You are asked to repeat the listing word for word and to leave out its pictures.

━━ Information provided ━━

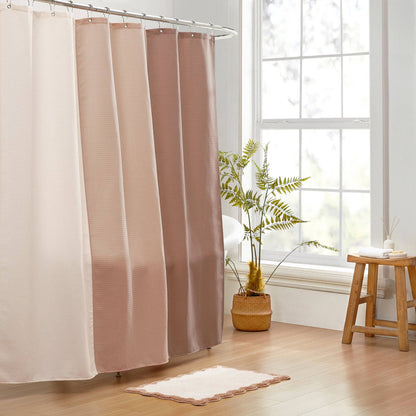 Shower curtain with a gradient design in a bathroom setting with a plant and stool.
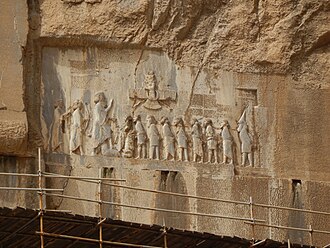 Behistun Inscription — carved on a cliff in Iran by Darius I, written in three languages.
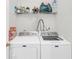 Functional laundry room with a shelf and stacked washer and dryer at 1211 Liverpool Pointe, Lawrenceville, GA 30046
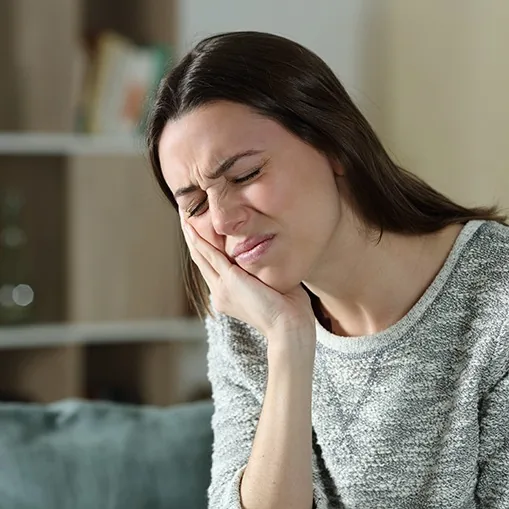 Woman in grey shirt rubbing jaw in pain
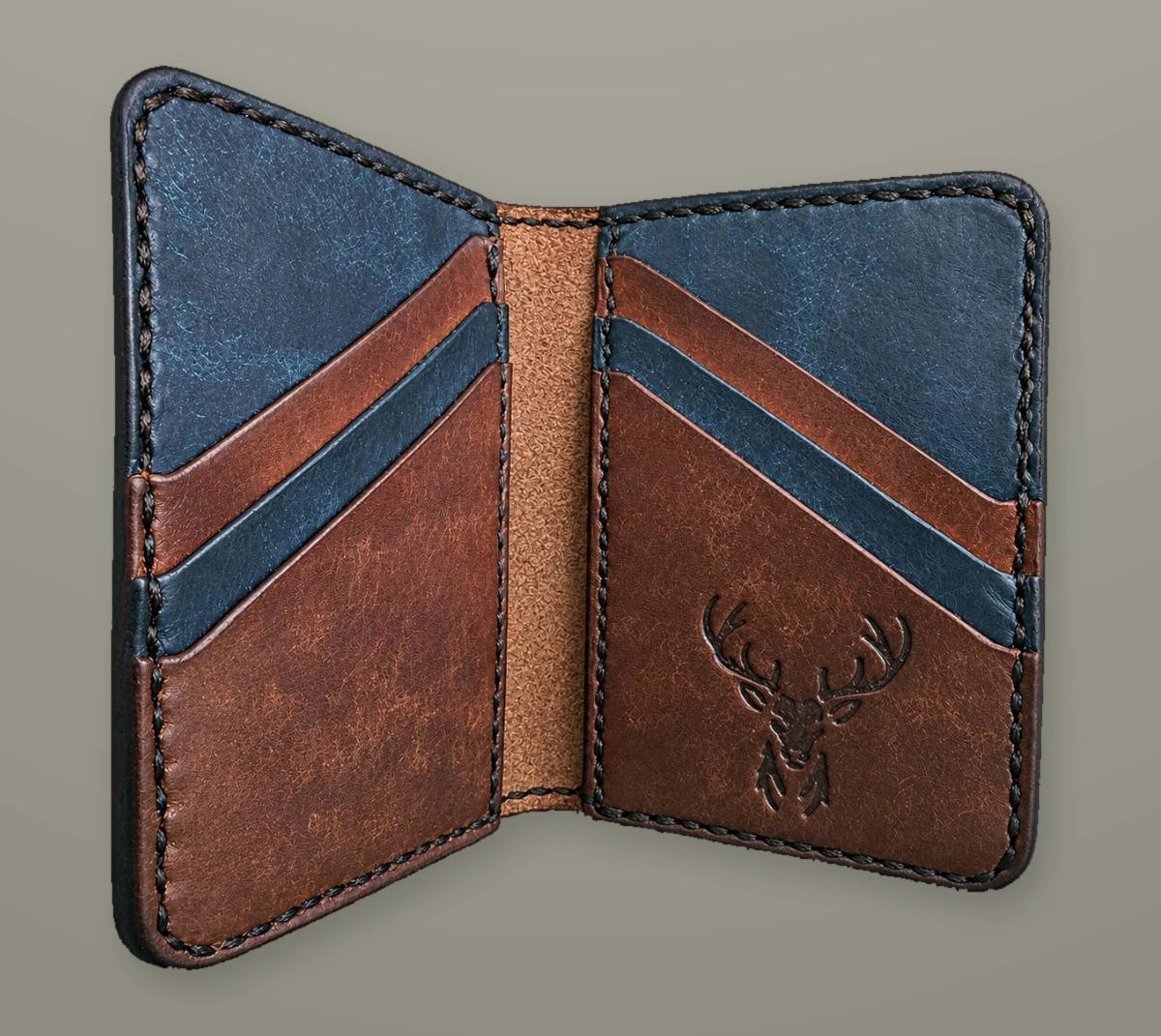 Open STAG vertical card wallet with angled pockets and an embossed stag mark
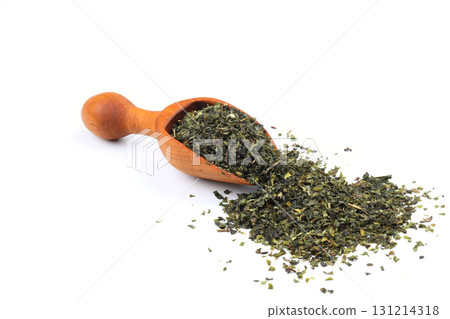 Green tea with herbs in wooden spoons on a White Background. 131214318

━━━

> **Result below**
 Shower curtain with a gradient design in a bathroom setting with a plant and stool.
 Behistun Inscription — carved on a cliff in Iran by Darius I, written in three languages.
 Functional laundry room with a shelf and stacked washer and dryer at 1211 Liverpool Pointe, Lawrenceville, GA 30046
 Woman in grey shirt rubbing jaw in pain
 Open STAG vertical card wallet with angled pockets and an embossed stag mark
 Green tea with herbs in wooden spoons on a White Background. 131214318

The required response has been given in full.